Calculating Duration Between Order Dates for Each Customer with ‘lag’ Function

Let’s say we have a customer purchase order data, and we want to understand how long does it take for customers to order the next orders.

Another word, we want to calculate the durations between the order dates for each customer.

You can do this by using ‘lag’ function, which returns the previous value. Once we get the previous ‘order date’ then we can calculate the difference between the previous and the current order dates.

We want to do this for each customer, so we can ‘group’ the data by customer with the ‘Group By’ step before using the ‘lag’ function.

Here is how you can do in more details.

Sample Data

We have Order Date and Customer ID columns as follows.

Sort (Arrange) Data

We’re going to calculate the difference between the current date and the previous date by using a function called ‘lag’, which returns the previous row’s value. But this means that we need to make sure the ‘previous’ row’s date is really the ‘previous’ date.
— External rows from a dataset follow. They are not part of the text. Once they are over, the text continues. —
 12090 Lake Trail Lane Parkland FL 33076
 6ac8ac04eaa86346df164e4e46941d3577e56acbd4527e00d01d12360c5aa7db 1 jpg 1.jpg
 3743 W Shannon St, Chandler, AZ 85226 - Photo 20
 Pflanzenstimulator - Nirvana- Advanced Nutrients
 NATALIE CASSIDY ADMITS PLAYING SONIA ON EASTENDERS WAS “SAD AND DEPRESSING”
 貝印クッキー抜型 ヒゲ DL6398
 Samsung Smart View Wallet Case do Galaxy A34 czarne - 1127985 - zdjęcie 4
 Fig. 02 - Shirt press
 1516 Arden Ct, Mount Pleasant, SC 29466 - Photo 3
What I mean is that the data might not have been sorted by the order date yet.

We can quickly sort the data by the ‘Order Date’ column by selecting ‘Arrange’ from the column header menu.

Group the Data

Select ‘Group By’ from the column header menu.

Now we see the data grouped by customer, which is indicated by color.
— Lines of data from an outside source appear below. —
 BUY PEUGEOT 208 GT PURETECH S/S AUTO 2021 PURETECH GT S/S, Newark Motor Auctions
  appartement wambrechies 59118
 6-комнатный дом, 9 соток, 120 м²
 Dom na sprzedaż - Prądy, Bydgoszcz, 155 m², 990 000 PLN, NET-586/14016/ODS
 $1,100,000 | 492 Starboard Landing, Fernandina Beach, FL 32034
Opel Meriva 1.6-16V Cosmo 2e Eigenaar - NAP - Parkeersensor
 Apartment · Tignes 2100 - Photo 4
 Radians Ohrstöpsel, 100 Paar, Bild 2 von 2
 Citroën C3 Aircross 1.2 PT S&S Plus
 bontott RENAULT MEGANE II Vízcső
Calculate Differences Between Current and Previous Dates

Select ‘Mutate (Create Calculation)’ from the column header menu of Order Date column.

And type something like the following.

`Order Date` - lag(`Order Date`)

This is basically subtracting the ‘previous’ order date from a given date.
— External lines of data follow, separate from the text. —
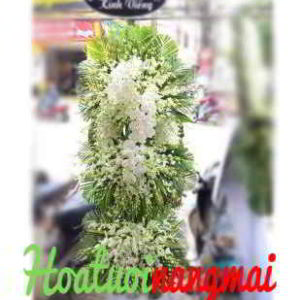 CB2071-hoa-chia-buon-tang-le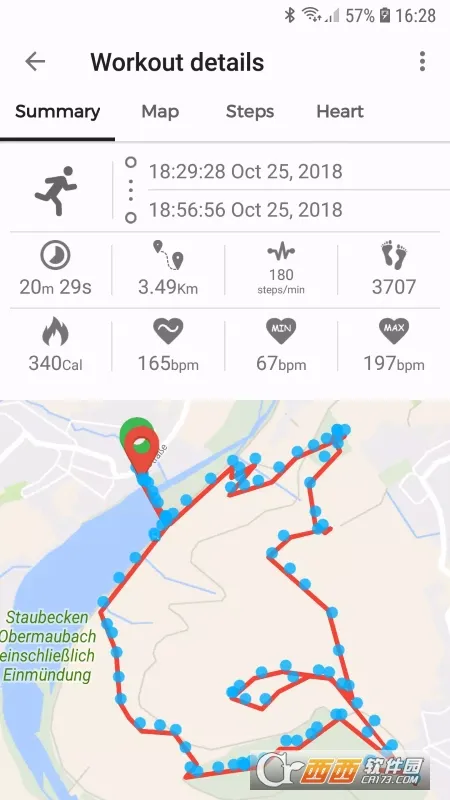 Notify for Amazfit2025���°汾v14.1.5 �ֻ���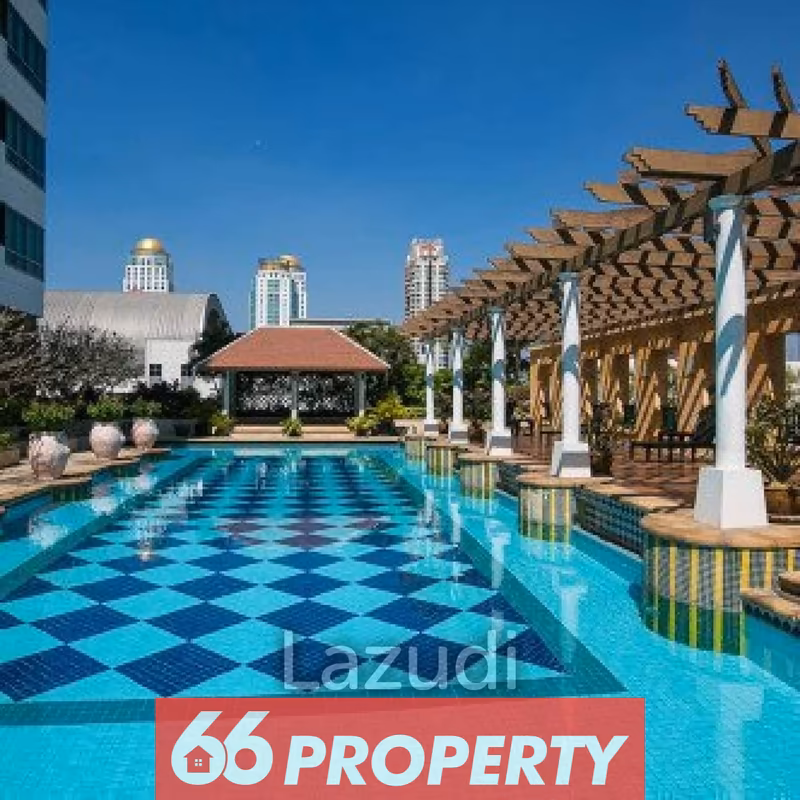 properties%2F08hndkbxOns3ZxInIeUg%2Fimages%2F2-bedroom-condo-1-low-res.avif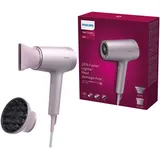 Philips Hair Dryer - 7000er Serie - BHD723/10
When you run it, the new column will be created like the below.

The calculated result is generated as ‘difftime’ data type, which is basically the difference between the two dates. The unit depends on the original data type of the date data. If the data type is ‘Date’ then the unit for the difftime data is ‘Day’. If the data type is ‘POSIXct’ then the unit would be ‘Second’.

In this case, the original data ‘Order Date’ was Date data type, so this new ‘difftime’ column’s unit is ‘Day’.

Un-group the Data

When the data frame is grouped (e.g. by customer) all the following operations will be affected by the setting. In this particular scenario we won’t have much of a problem except that the performance would suffer a little bit.

It’s always better to ‘un-group’ the data frame when not necessary.

Select ‘Ungroup’ from the group button.

Note that the data might be shown in different orders between the grouped data and ‘un-grouped’ data. This is because Exploratory shows the data being sorted by the grouping column(s) for the table view.

Convert Difftime to Numeric

Since we want to do some calculations with the ‘difference between the orders’ column later it is better to convert it to Numeric data type.

Select

Change Data Type -> Convert to Numeric -> Days

from the column header menu of the newly created column at the previous step.

We’ll keep the unit as ‘Day’ here.

Once you run it, you will get the column being converted to Numeric data type.

Summarize the Average Duration for Each Customer

If we want to calculate the average duration between the orders for each customer we can use the ‘Summarize’ step.

Select ‘Summarize’ from the column header menu of the duration column.

Assign the ‘Customer ID’ column to the ‘Group By’ and select ‘Average’ as the aggregation function for the ‘Value’ column.